Typo in .hgsub renders revisions un-checkout-able
Matt Mackall
mpm at selenic.com
Mon Nov 26 05:12:23 UTC 2012
On Sun, 2012-11-25 at 23:36 -0500, Greg Ward wrote:
> On Sun, Nov 25, 2012 at 5:24 PM, Matt Mackall <mpm at selenic.com> wrote:
> > On Thu, 2012-11-22 at 10:22 -0500, Greg Ward wrote:
> >> Ahh, which gets to the old "don't hit ctrl-c during hg update"

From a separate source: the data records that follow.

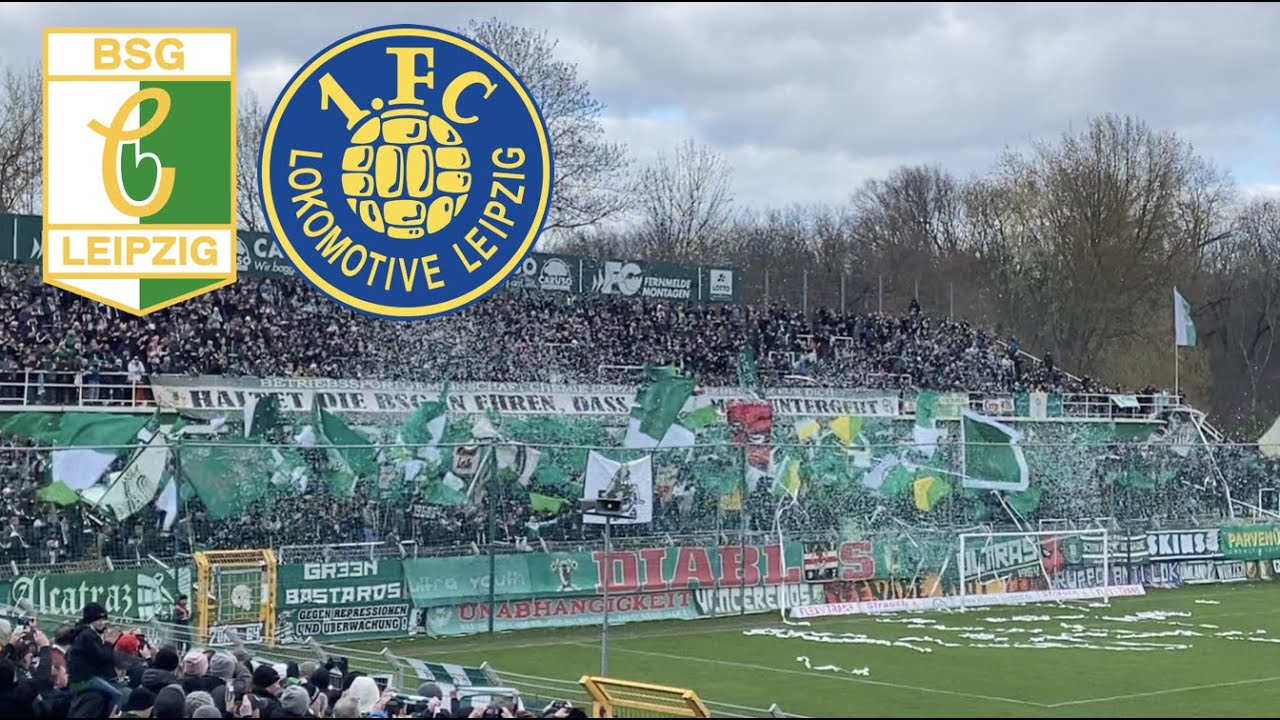 Stimmung beim Leipzig Derby | Chemie Leipzig vs LOK Leipzig Groundhopping 02.04.23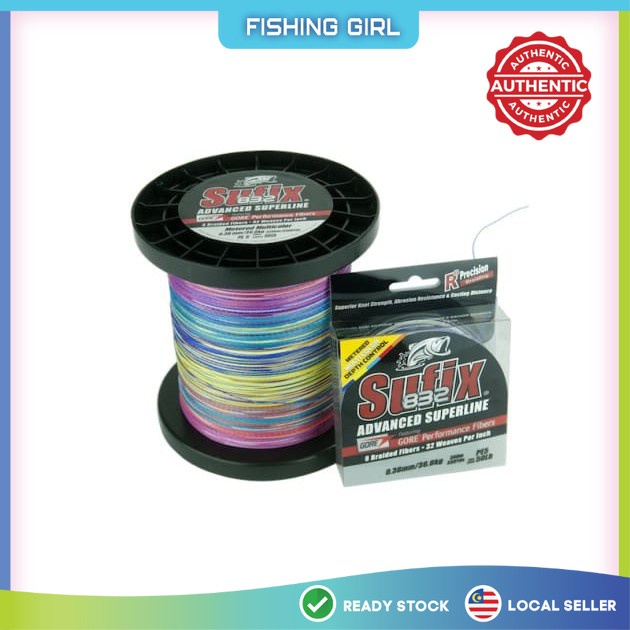 Sufix 832 multi color braided line 🔥Ready Stock🔥 100% Original🔥 Free ...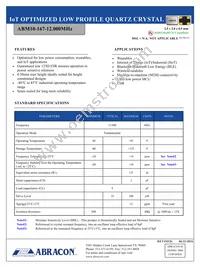 ABM10-167-12.000MHZ-T3 Datasheet Cover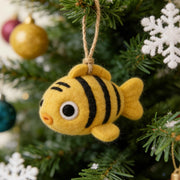 Maritimer Wollfilz-Anhänger für Weihnachten 16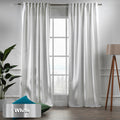 Matte Velvet Curtain Single Panel - White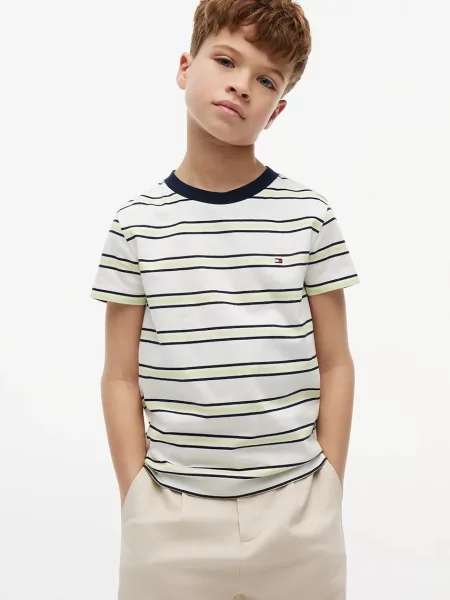 Tommy Hilfiger majica za djecu od pamuka bijela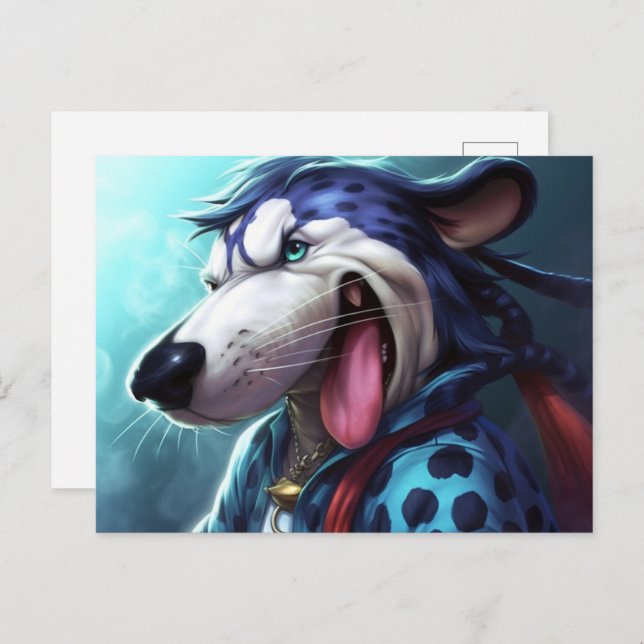 Cartão Postal Le Chien Tigre (Frente/Verso)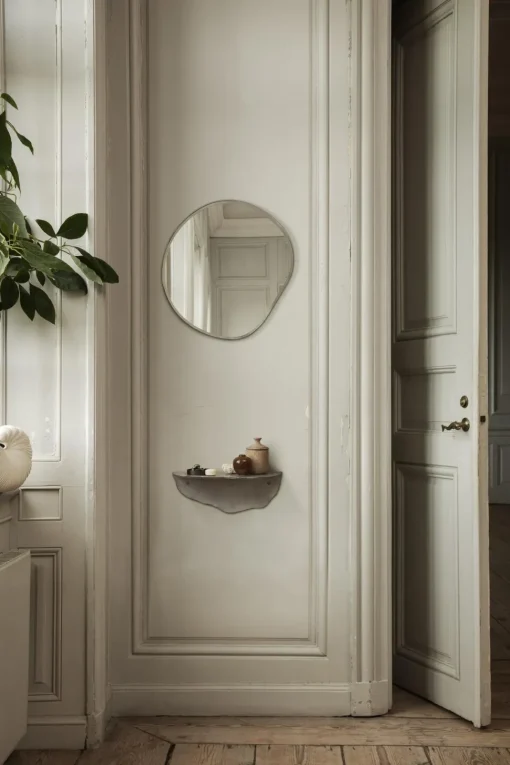 Ferm Living Pond Spejl Lille Mørk Krom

> >> problem. Or "don't do anything that might make hg stumble across a
> >> util.Abort() call during hg update". Which is really what this subrepo
> >> problem boils down to.
> >>
> >> So: I presume you would not take a patch that fixes subrepo.py to
> >> print a scary "inconsistent working dir" warning unless we also have a
> >> way to prevent subsequently committing?
> >
> > Probably not.
> >
> >> Possible plan:
> >>
> >> 1) modify "hg update" so that before starting, it writes a bit of
> >> state (zero-byte file?) recording that the working dir is
> >> inconsistent, and clear that bit when update is complete
> >> 2) modify localrepo.commit() to abort if that file is present
> >
> > You also need:
> >
> > 3) show this state in 'hg summary'
>
> And, IMHO, "hg status" and "hg diff". "Why the heck are 7000 files
> suddenly modified? I didn't touch them!!!" My rough preliminary patch
> handles this in localrepo.status().
And does what? Aborts? Realistically, people might want to use this data
in their recovery process.
> > 4) add various ways to leave this state
> > a) hg up (--clean required?)
> > b) hg commit --force
>
> I've toyed around with figuring a manual recovery procedure -- an
> obvious prerequisite to automating it. If there were no local changes
> before the interrupted update, it's easy: "hg update --clean .". But
> if you have valuable uncommitted changes mixed in with the gunk from
> an interrupted update, it's messy. I think it's necessary to remember
> what the modified/added/removed files were before the update in order
> to have a hope in hell of recovering.
You're a dreamer. There are enough small details (exec bits, symlinks)
and non-reversible operations (gets, removes, automated merges) in
update that this is hard to do with no time or disk space overhead.
Also, you have to be careful to avoid even appearing to promise that 'hg
update --clean + ctrl-c + hg fix' will get back anything --clean might
have clobbered.
> One idea occurred to me: broaden the mandate of "hg recover" from
>
> Recover from an interrupted commit or pull.
>
> to
>
> Recover from an interrupted operation.
Hmmm, might suggest it covers merge, graft, rebase, transplant...
--
Mathematics is the supreme nostalgia of our time.